Segundo Tiago Pereira, “este documentário, que pode também ser uma instalação, uma vez que o projeto ainda não está fechado, pretende também mostrar o impacto destas escavações neste território”.

"Uma das pessoas que esteve nestas escavações foi a Françoise Mayet, francesa, especialista em cerâmica, e tinha uma equipa de lavadoras que passava o dia a esfregar os caquinhos com muito rigor. Tenho muitas boas memórias destas escavações”. Jorge Cruz

Jorge Cruz, arquiteto, foi uma das pessoas que participou e trabalhou nestas escavações e foi o seu testemunho que se seguiu, nesta viagem de regresso ao passado. “Nessa altura era um jovem estudante de Arquitetura e interessado em arquitetura clássica. Nasci em Vidigueira e surgiu a oportunidade de vir para aqui, porque o meu principal interesse era desenhar arquitetura, sobretudo a que estava em pé, porque normalmente nestes sítios arqueológicos só o que existe são os muros, e aqui existia uma construção com dois pisos, original, e isso era muito interessante para mim. Por isso, o que fiz foi desenhar, muitos muros, muitas estruturas. E, por vezes, tínhamos de acorrer a algumas emergências, como foi, por exemplo, o caso de um túmulo com uma certa importância que aqui foi descoberto”.

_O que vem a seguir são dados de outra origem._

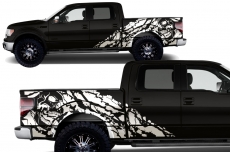 Ford F-150 2009-2014 Custom Half Side Decal Truck Wrap - NIGHTMARE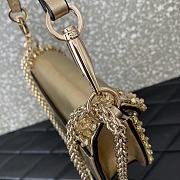 Valentino Garavani Small Loco Embellished Shoulder Bag Gold - 20x11x5cm - 5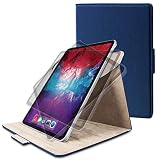 エレコム iPad Pro 11 第3/2世代 (2021/2020年) フラップケース ソフトレザー 360度回転 ネイビー TB-A20PM360NV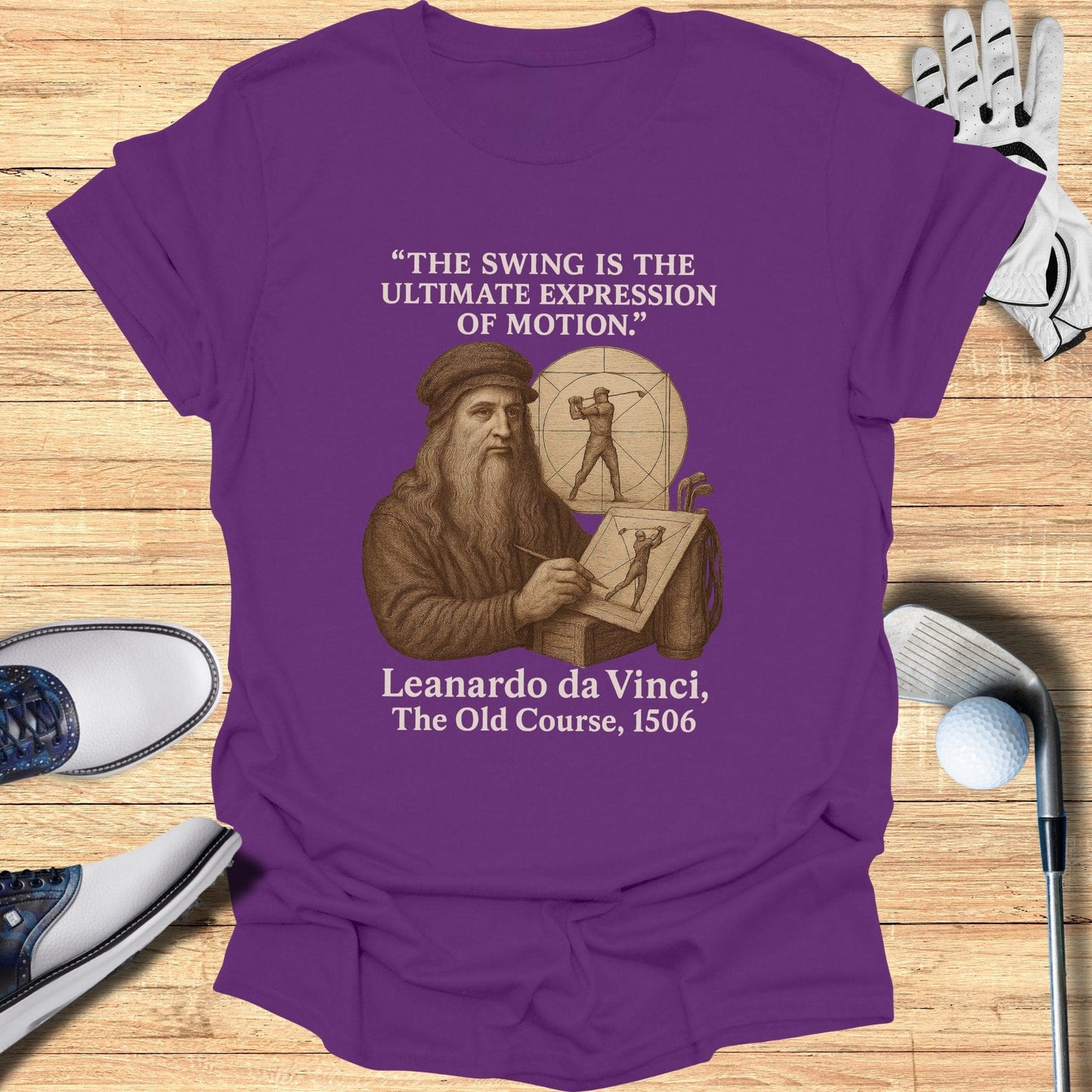 The Swing Is The Ultimate Expression T-Shirt - Funny Golf Tee by Swing Epic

Jorge, à semelhança dos seus colegas de memórias, também percorre o espaço. Retira os óculos escuros que se lhe destacam no rosto e o registo da conversa muda por completo, porque cada pessoa tem um registo diferente do que aqui viveu e em função do cargo que também desempenhava. “Íamos almoçar a uma casa que ficava aqui nesta horta junto às ruínas e passámos ali momentos muito interessantes, uma vez que estavam aqui a trabalhar dezenas de pessoas. A hora de almoço era um momento de confraternização”.

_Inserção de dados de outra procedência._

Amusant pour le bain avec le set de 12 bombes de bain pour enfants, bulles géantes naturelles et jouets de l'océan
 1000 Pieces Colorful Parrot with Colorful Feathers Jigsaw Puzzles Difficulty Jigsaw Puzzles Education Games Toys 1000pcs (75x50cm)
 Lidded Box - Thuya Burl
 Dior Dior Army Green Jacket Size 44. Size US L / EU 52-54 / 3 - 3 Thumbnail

Prossegue a sua caminhada e entra dentro da capela. “Aqui tratava-se a cerâmica. Uma das pessoas que esteve nestas escavações foi a Françoise Mayet, francesa, especialista em cerâmica, e tinha uma equipa de lavadoras que passava o dia a esfregar os caquinhos com muito rigor. Tenho muitas boas memórias destas escavações”.

 

“São Cucufate não me sais do sentido. Depois de ver o teu solo mexido. Nas escavações figuras humanas. Talvez dos romanos ou alentejanas”. É assim que conta a moda de António Pilrito. E 40 anos depois, como diz a letra, ainda não saíram “do sentido” das gentes que por estas paragens habitam e isso vai ser perpetuado num documentário, realizado por Tiago Pereira. E brevemente apresentado.

“Este documentário, que pode também ser uma instalação, uma vez que o projeto ainda não está fechado, pretende também mostrar o impacto destas escavações neste território.” Tiago Pereira

Monumento Nacional do concelho de Vidigueira

As ruínas arqueológicas de São Cucufate são o único monumento nacional do concelho de Vidigueira. “As suas origens estão associadas à época romana, no entanto, acredita-se que a sua ocupação inicial remonta à Idade do Ferro. A ocupação deste espaço prolongou-se até aos finais do século XVIII”, pode ler-se na página eletrónica do município de Vidigueira. Que explica ainda que “no período muçulmano (século X ou XI) estabeleceu-se no edifício uma comunidade de frades que ali viveu, possivelmente, até à segunda metade do século. XII, tendo São Cucufate por seu padroeiro. No decorrer das escavações arqueológicas descobriu-se nas traseiras da villa o cemitério medieval dos frades”. A descoberta de pinturas murais nas ruínas de São Cucufate contribuiu para colocar este importante marco da história local no caminho da rota dos frescos.